Zong Simiao and Liu Yuling, from China, utilized a polishing solution self-developed in their lab with a higher pH value of about 12.5, and a high abrasive concentration (50%), under a rapid temperature rise to 45 °C. The polishing rate of sapphire can reach 11.3 μm /h. Li Shurong and Jin Zhuji from Dalian studied the effect of different pH control agents on the polishing rate, comparing four inorganic bases, including NaOH, KOH, Ca(OH)2, and Ammonia, and found that KOH can improve to a significant extent the sapphire polishing rate. Researchers also found that adding a suitable amount of Fe-Nx/C activator agents to the SiO2 polishing solution also improves the polishing rate (The Fe-Nx/C activator contains Fe2O3, Fe3O4, and nitrogen).
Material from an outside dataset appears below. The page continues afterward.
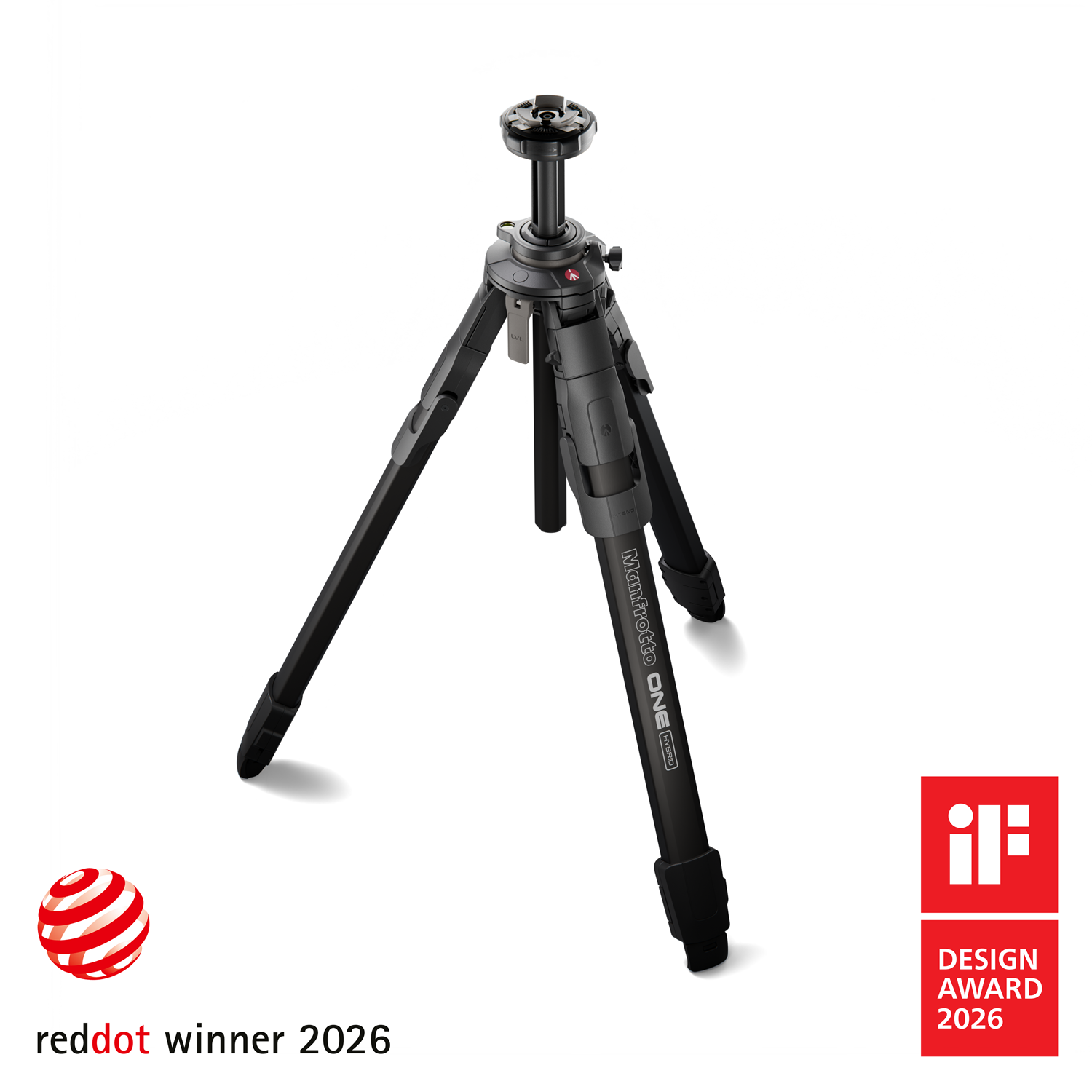 Manfrotto ONE Hybrid Aluminium-Stativ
Apart from the polishing solution, the polishing apparatus also has a great impact on the polishing rate. Leveraging the Vibration of Ultrasonic Wave can elevate the removal rate (at about 3.8 times) in the polishing course of sapphire with SiO2 solution, and the roughness could be reduced too. Possible reasons are: (1) The motion path of silica particles on the sapphire surface is lengthened; (2) The pressure between the interface of SiO2 particles and sapphire is increased. Therefore the vibration and cavitation of ultrasonic waves strengthen the effect of silica particles on the surface of the sapphire. In practical operation, ultrasonic is applied to the polishing head of the single-sided polishing machine.
In addition, the orientation of sapphire windows is also an essential factor in the polishing rate. In general, the polishing rate of A, M, and R orientation is slower than that of C-cut sapphire. This is because the orientation index of C-cut sapphire crystal is (0001), and the atomic bonding structure is O-Al-Al-O-Al-Al-O, whilst the orientation indice of M and A cut sapphires are (10-10) and ( 11-20), their chemical bonding structure is Al-O-Al-O. The Al-Al bond is weaker than the Al-O bond, and the polishing of C-cut sapphire encounters the Al-Al bond in the main, so the polishing rate of c-cut sapphire is faster in comparison.
In real-life production workshops, the polishing precision requirement of A-cut sapphire windows is often not high. SiO2 polishing liquid and non-woven fabrics will work well. Whilst in the case of c-cut sapphire windows higher precision is often required. Polishing accessories from Universal Optical are prevalent, with the removal amount of polishing reaching 10 μm/90min.